Now, he said provocatively, India should issue a formal invitation to Pakistan’s army chief to visit: “There is a global inflection taking place. Who could have imagined the Koreas getting together or conceived that President Trump might meet President Kim? Yes, it’s time to roll out the red carpet and invite General Qamar Bajwa who has been talking nothing but peace in the last fortnight. There is no better way of checking out Pakistan’s intention than this.”

Although they do not spill classified secrets, the chronicles do challenge several conventional narratives about regional events and lift the veil off other issues that are rarely spoken about in public.

Contrary to official accounts in both his country and the United States, Durrani claimed that Pakistan directed the U.S. Navy SEALs to Osama bin Laden’s hideout in 2011. “I have been giving my assessment right from the 3rd of May, 2011, just a day after the raid,” Durrani told me in an interview. “It just so happens that most of the investigative journalists — at home and abroad — came to nearly the same conclusion.
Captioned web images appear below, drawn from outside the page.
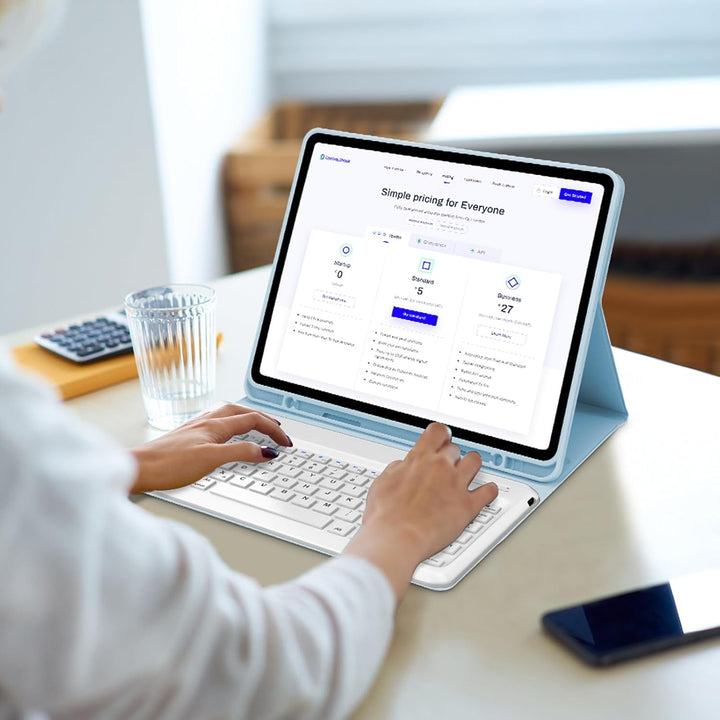 IVEOPPE Tastatur für iPad Pro 12,9, Hülle mit Tastatur für iPad Pro 6. Generation, Bluetooth QWERTZ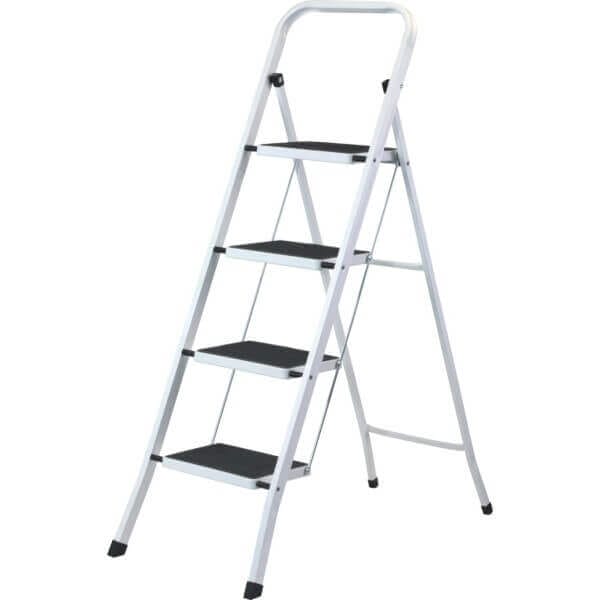 Метална домакинска стълба 4 стъпала, бяла метална стълба за домакинство, лека и стабилна Метална домакинска стълба 4 стъпала, бяла метална стълба за домакинство, лека и стабилна
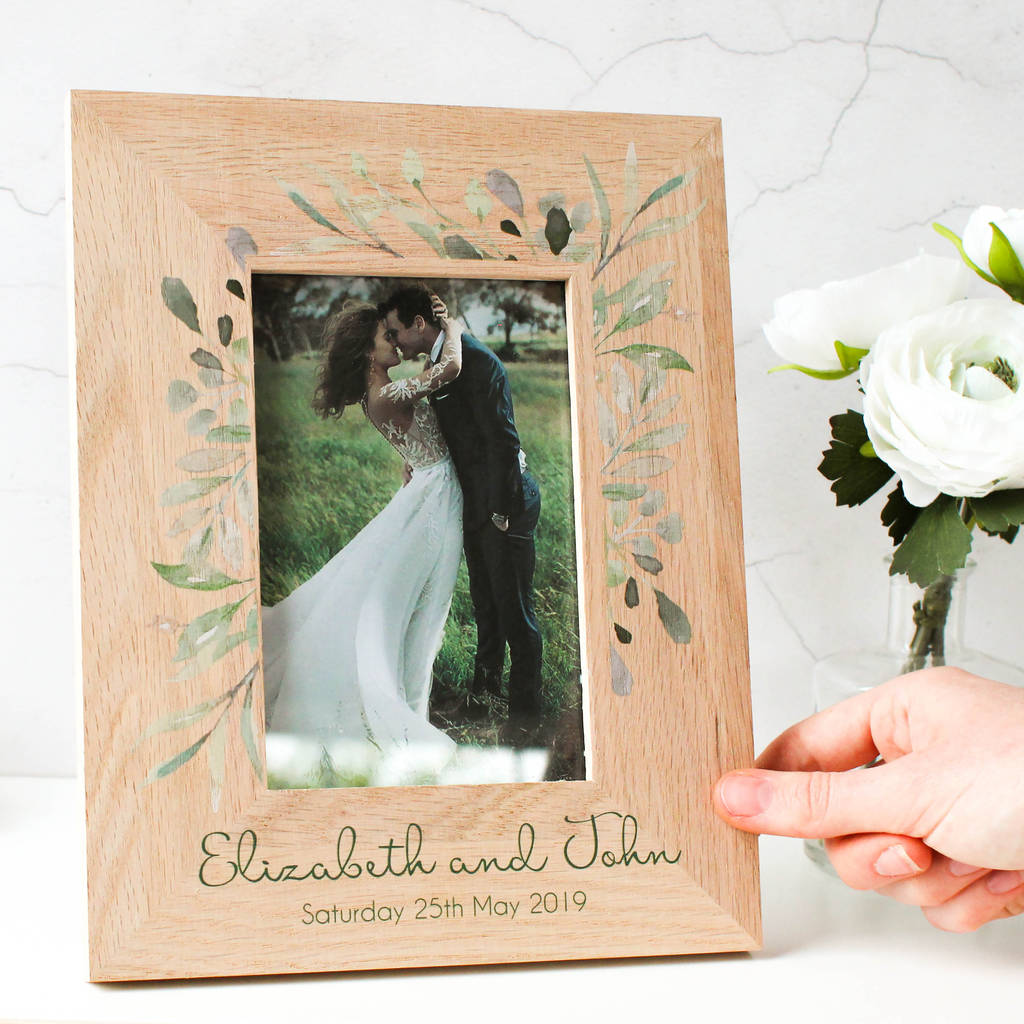 Personalised Wedding Name And Date Oak Photo Frame, 1 of 5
I also believe that at the time conceding incompetence was politically more convenient for Pakistan than claiming collaboration.” He referred to a meeting that took place between Gen. Ashfaq Kayani, Pakistan’s army chief at the time, and Gen. David Petraeus just three days before President Barack Obama signed the orders for the raid on bin Laden. “I don’t know (what the deal) was but I presumed it must have been about exiting Afghanistan.”

Durrani’s other big reveal was about the Kashmir conflict. India has long documented how Pakistan has patronized terror groups such as the Lashkar-e-Taiba and the Jaish-a-Mohammed to create unrest in the Kashmir valley. Intriguingly, when asked in the book to say what he thought was the biggest failure of the ISI, Durrani replied: “When the Kashmir uprising happened we did not know how far it would go.  We didn’t want it to go out of control, which would lead to a war that neither side wanted…. ISI’s leverage on the Kashmir insurgency turned out less than successful.” Durrani was ISI chief in 1990-1992, during the insurgency’s early years. When I asked him whether the direction Kashmir has taken has proved difficult for both nations, he said, “True, it wasn’t easy to keep a handle on it — as the Indians too must have concluded over time.” But taking a swipe at India, he added sarcastically, “Oh, I think Pakistan knows what to do with it; sit back and watch.” Dulat’s answer to the question of RAW’s failures with Pakistan was just as candid: “That we have not been able to turn an ISI officer at a level where it counts.”

There are other valuable nuggets for watchers of a region that President Bill Clinton once called “a nuclear flash point.” Dulat shared how a border cease-fire was brokered in 2003 as a result of secret meetings between the head spooks of either side. He revealed that a tipoff from RAW saved the life of former Pakistan president Pervez Musharraf and said Musharraf had even conveyed his gratitude. As army chief, Musharraf pushed Pakistani soldiers into India in 1999 leading to the Kargil war. His hard-line statements and actions made him a deeply contentious figure in India. Yet, Dulat insisted, “There has been no more reasonable Pakistani leader than General Musharraf.”

But it’s the no-holds barred description about key officials in both countries that’s got everyone talking. “Get Doval to Lahore; he loves Pakistan,” said Dulat of the Indian National Security adviser, Ajit Doval, regarded as a hard-liner in Pakistan. Durrani was less than complimentary about Pakistan’s former prime minister Nawaz Sharif, who he said has the “acumen of a camel” on international relations. And on Indian Prime Minister Narendra Modi? Durrani said:  “A fox. Modi is smart.”